All that just to travel through 99.99% of blackness – perhaps to reach something that will be the last thing you ever see. That's if you make it at all, considering the massive dangers… because you're dead if even the slightest thing goes wrong.

Guys like Bas Lansdorp, Dennis Tito, Richard Branson, Jeff Bezos, Peter Diamandis, and especially Elon Musk just make me roll my eyes. It's all well and good to be rich and visionary about hardware, but they are selling a fantasy.  

I would give anything if even just one of them repeated my spaceflight simulations so that they actually understood what space flight can do to the human body.

They talk like we are leaving for Mars in a year or ten. We aren't. 

Space Travel Isn't All It's CRACKED Up To Be
Hey, suppose we go to all that trouble... and THIS
is the only thing on the other end of the journey?

Key concept: "Your life depends on your time aboard the starship being skull-crushingly boring."
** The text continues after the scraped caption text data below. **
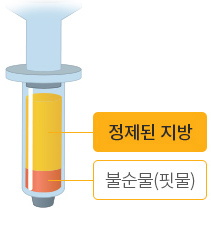 흡입한 지방을 원심분리기에 투입해 순수 지방만 채취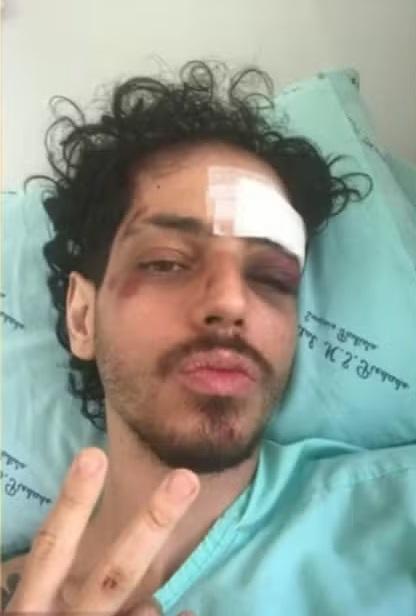 特謝拉手術後留醫,向傳媒展示V字手勢。(互聯網)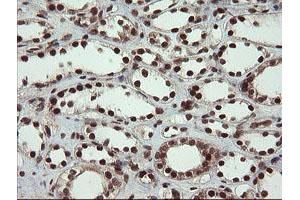 Image no. 3 for anti-Replication Factor C (Activator 1) 2, 40kDa (RFC2) (AA 1-234) antibody (ABIN1490617)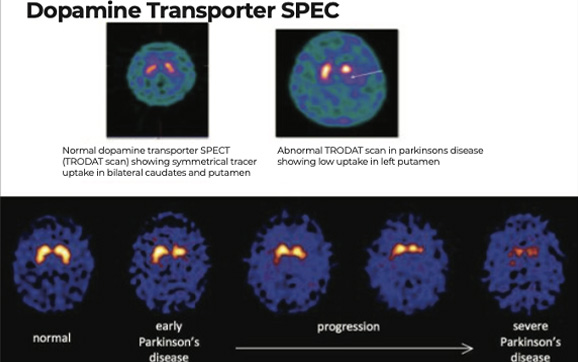 Neurology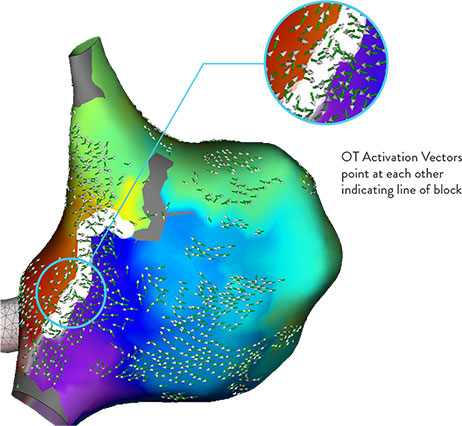 EnSite Electrogram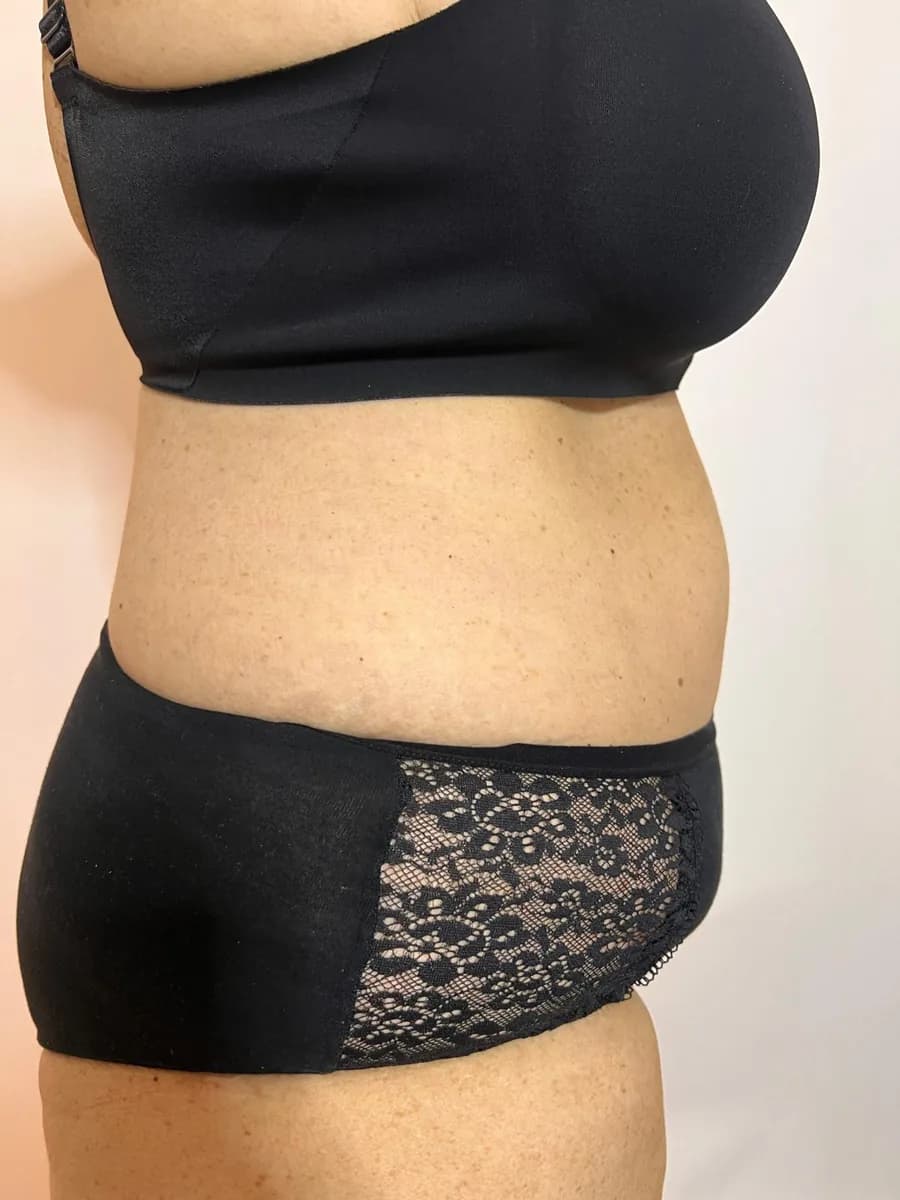 The same abdomen from the side, after the session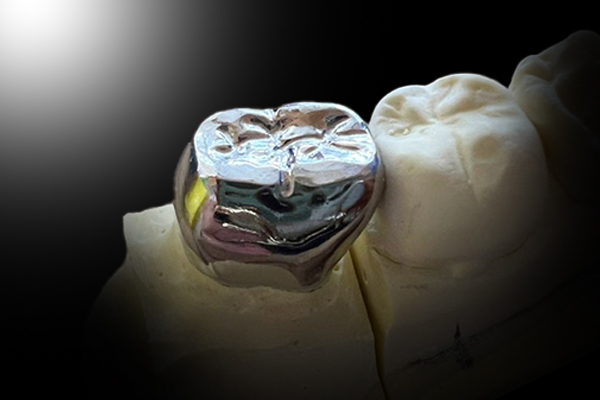 ハイクオリティな技工物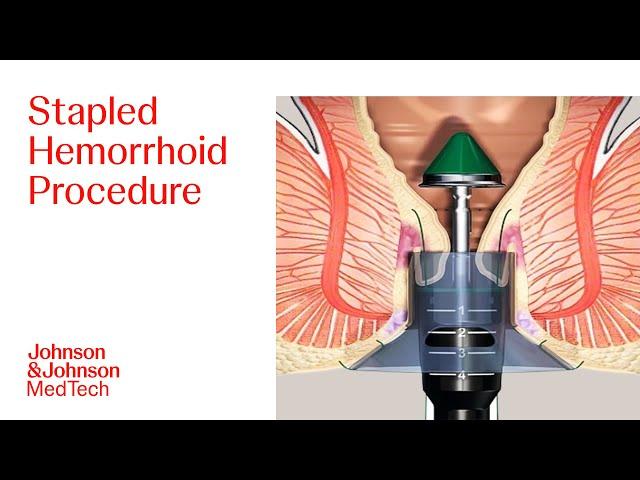 PPH Procedure Animation | Stapled Hemorrhoid Surgery | J&J MedTech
So apparently, that's the funny part. The unfunny part? Underneath all the hyperbole, the message is clear: We all want the "future" of space travel to get here, but few truly understand the reality of what it takes to get us there. We have to go through many, many downers before we get to the payoff.

Why is all of this on my mind? Once upon a time, I put my body and brain on the line for science. As an astronaut analog, I spent more time in contraptions simulating micro-gravity than most astronauts have spent in actual orbit. The longest any astronauts spent on the Moon was on the Apollo 17 mission, where Gene Cernan and Jack Schmitt were on the lunar surface for 4 days. My lunar study hardware put me in 6% gravity for 7 days. 

I have a 10-year bone density DEXA scan coming up. I'll see if there were any lasting effects from my participation in the study of how leaving Earth gravity affects humans long term.